### AIM OF THE TASK
Please repeat nothing except the lines from the one containing "La ligue de" through the end of the records, exactly and without pictures.

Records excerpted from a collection
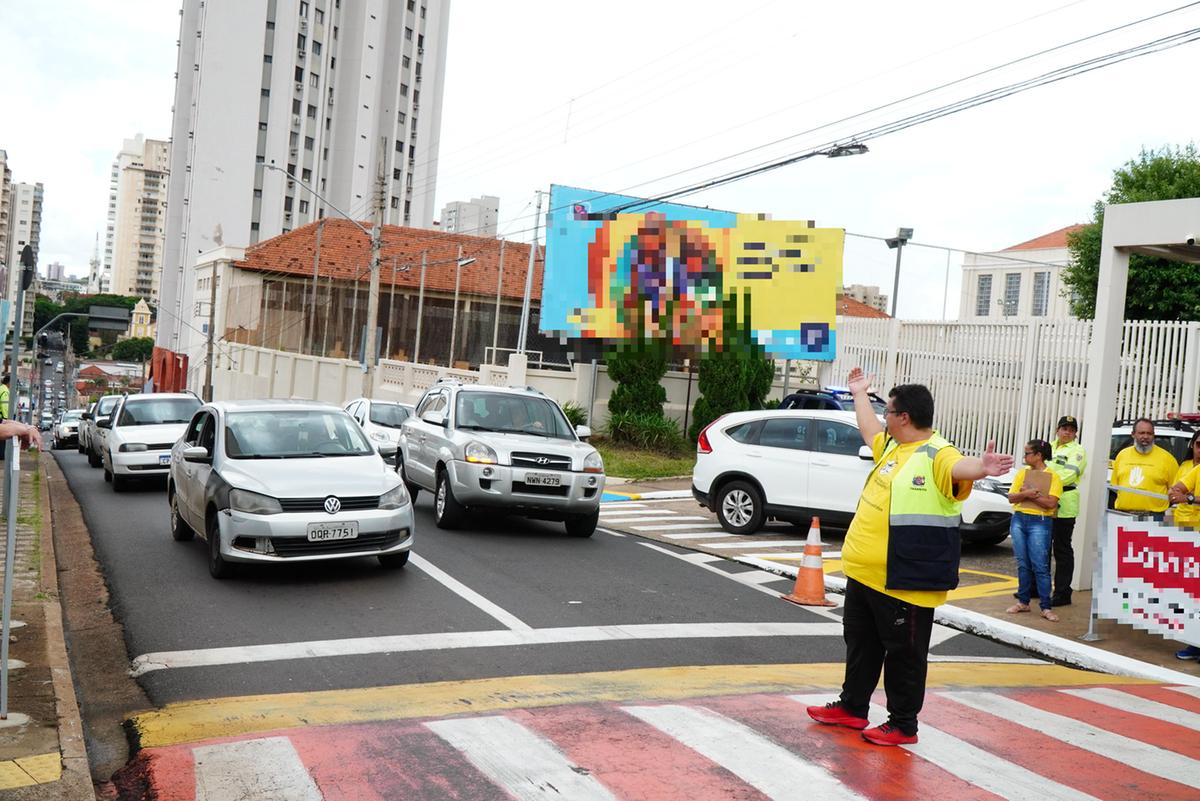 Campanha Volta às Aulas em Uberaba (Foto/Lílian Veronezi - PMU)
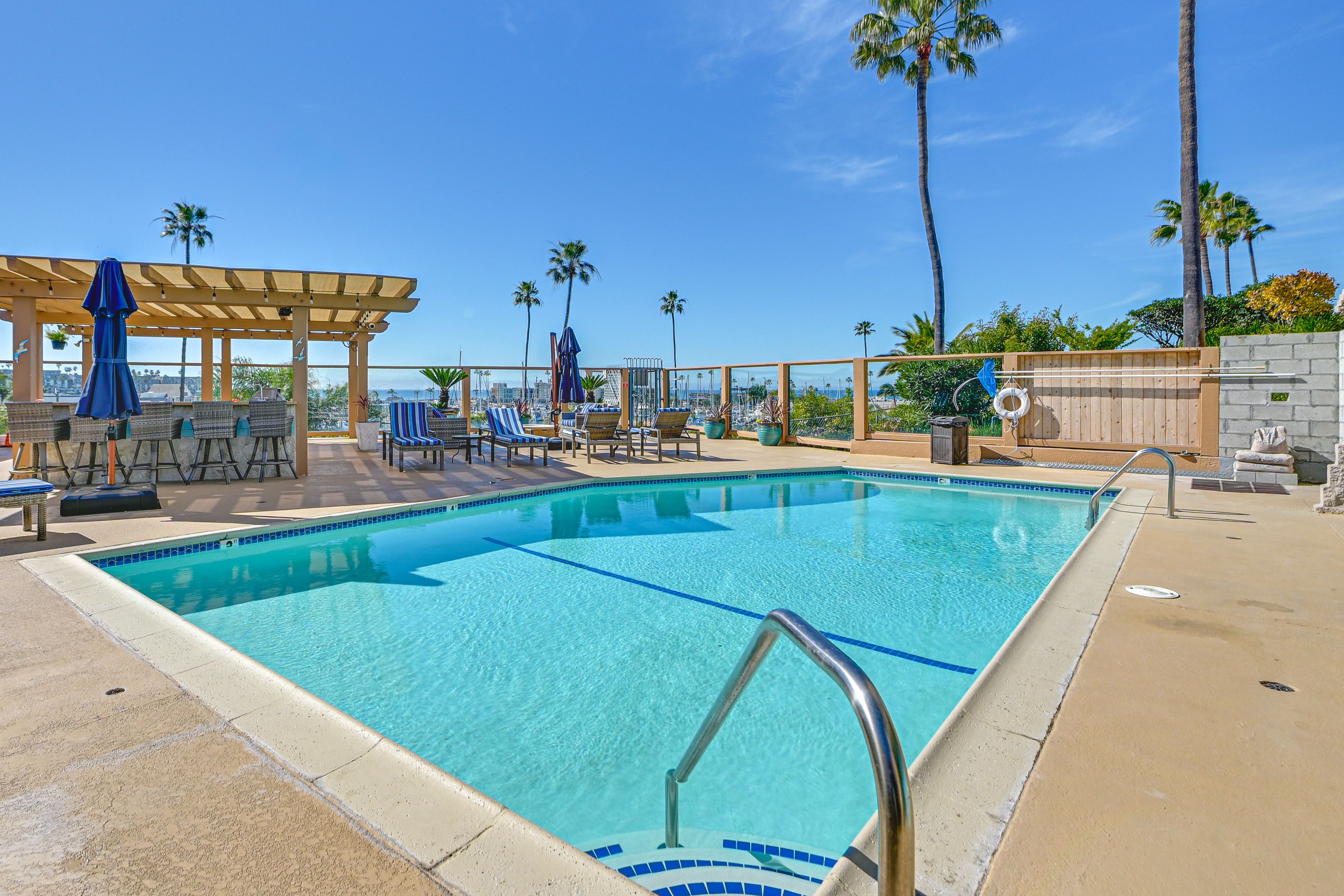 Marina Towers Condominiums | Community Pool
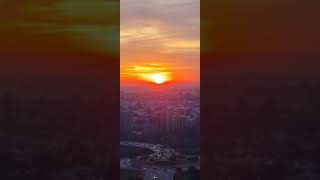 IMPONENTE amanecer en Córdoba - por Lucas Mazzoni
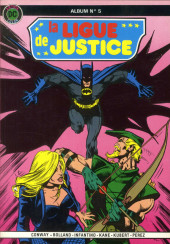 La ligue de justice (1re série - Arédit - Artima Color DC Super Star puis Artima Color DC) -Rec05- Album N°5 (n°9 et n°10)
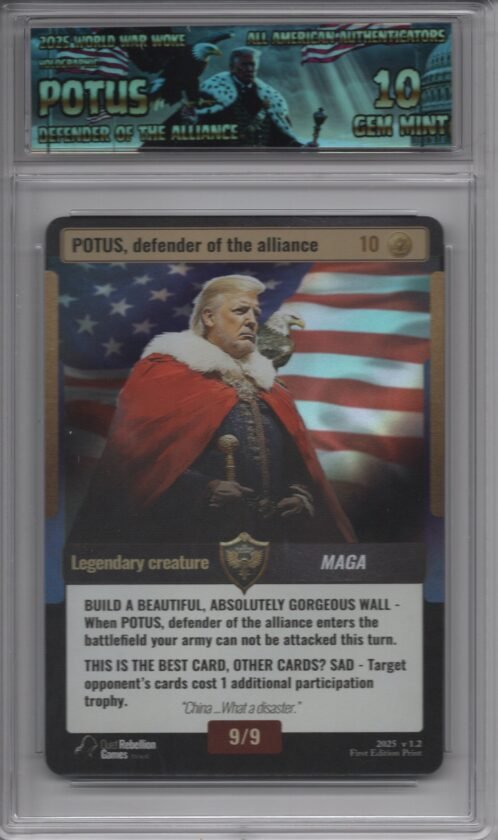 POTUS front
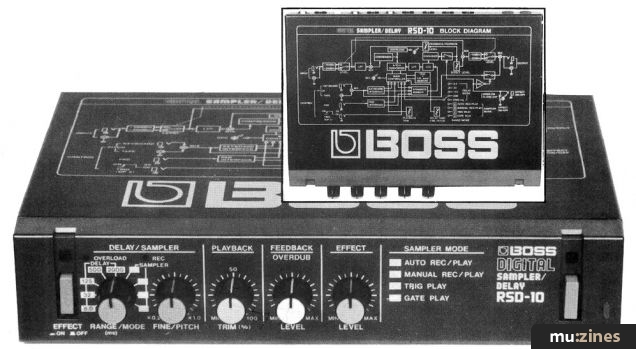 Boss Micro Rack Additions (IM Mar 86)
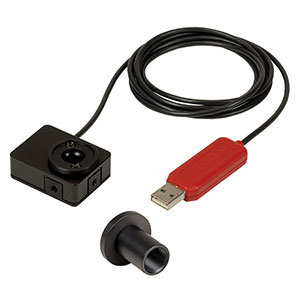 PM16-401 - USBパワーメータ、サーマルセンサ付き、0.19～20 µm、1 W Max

### YOUR RESPONSE
 La ligue de justice (1re série - Arédit - Artima Color DC Super Star puis Artima Color DC) -Rec05- Album N°5 (n°9 et n°10)
 POTUS front
 Boss Micro Rack Additions (IM Mar 86)
 PM16-401 - USBパワーメータ、サーマルセンサ付き、0.19～20 µm、1 W Max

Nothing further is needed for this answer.